The crystalline hydrate $\mathrm{Cd}\left(\mathrm{NO}_{3}\right)_{2} \cdot 4 \mathrm{H}_{2} \mathrm{O}(s)$ loses water when placed in a large, closed, dry vessel at room temperature: $$ \mathrm{Cd}\left(\mathrm{NO}_{3}\right)_{2} \cdot 4 \mathrm{H}_{2} \mathrm{O}(s) \longrightarrow \mathrm{Cd}\left(\mathrm{NO}_{3}\right)_{2}(s)+4 \mathrm{H}_{2} \mathrm{O}(g) $$ This process is spontaneous and \(\Delta H^{\circ}\) is positive at room temperature. (a) What is the sign of \(\Delta S^{\circ}\) at room temperature? (b) If the hydrated compound is placed in a large, closed vessel that already contains a large amount of water vapor, does \(\Delta S^{\circ}\) change for this reaction at room temperature?
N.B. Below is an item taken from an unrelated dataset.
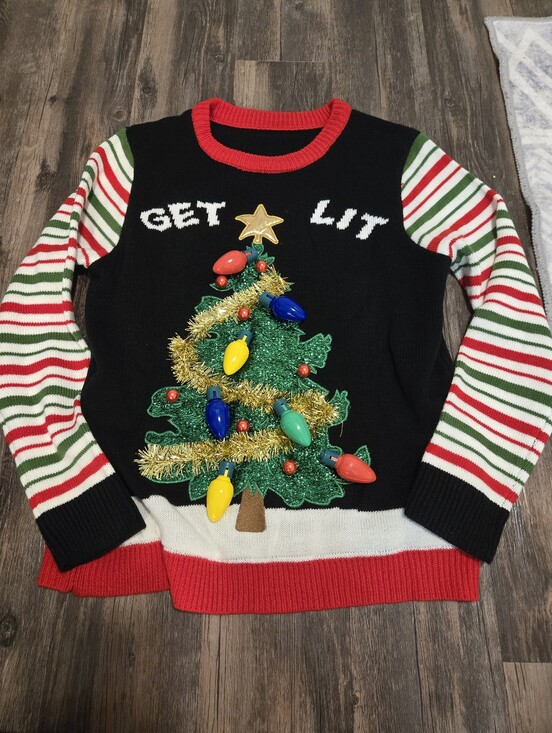 Sweaters - Black 'Get Lit' Christmas Tree Light-Up Sweater - Size M‎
The relationship between Gibbs free energy (\(\Delta G^{\circ}\)), enthalpy (\(\Delta H^{\circ}\)), and entropy (\(\Delta S^{\circ}\)) is given by the equation: \[\Delta G^{\circ} = \Delta H^{\circ} - T\Delta S^{\circ}\] Since the process is spontaneous, the change in Gibbs free energy (\(\Delta G^{\circ}\)) must be negative. We are given that the change in enthalpy (\(\Delta H^{\circ}\)) is positive for this process. The only way to satisfy a negative value for \(\Delta G^{\circ}\) is if the term \(T\Delta S^{\circ}\) is greater in magnitude than \(\Delta H^{\circ}\) and therefore has a positive value: \[\Delta H^{\circ} - T\Delta S^{\circ} < 0 \Rightarrow T\Delta S^{\circ} > \Delta H^{\circ}\] Since room temperature is a positive value, the change in entropy (\(\Delta S^{\circ}\)) must also be positive to satisfy the inequality. Thus, we can conclude that: (a) \(\Delta S^{\circ}\) is positive at room temperature.
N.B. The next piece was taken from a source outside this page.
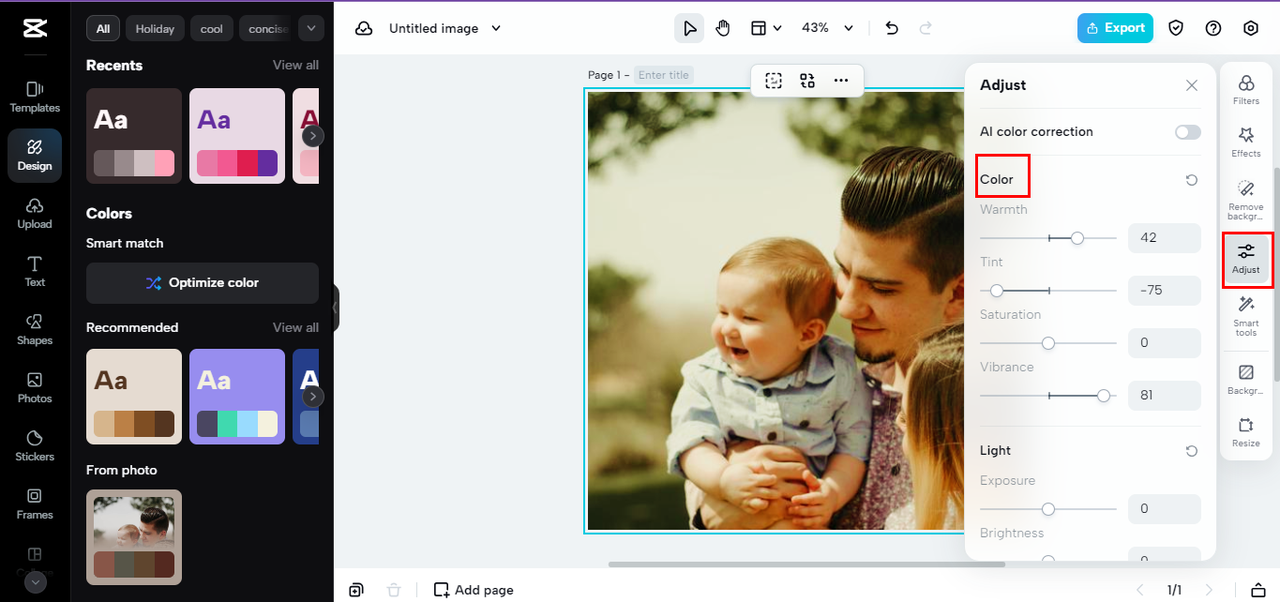 selective color adjustment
Placing the hydrated compound in a large, closed vessel already containing a large amount of water vapor will not change the intrinsic change in entropy (\(\Delta S^{\circ}\)) as \(\Delta S^{\circ}\) depends on the reaction itself and not on the initial conditions of the system. However, it can potentially affect partial pressures of the water below and above the hydrate, which in turn can affect the spontaneity of the process. Nevertheless, the intrinsic change in entropy at room temperature for the reaction will remain the same. Therefore, we can conclude that: (b) No, placing the hydrated compound in a large, closed vessel already containing a large amount of water vapor does not change the intrinsic entropy change (\(\Delta S^{\circ}\)) of the reaction at room temperature.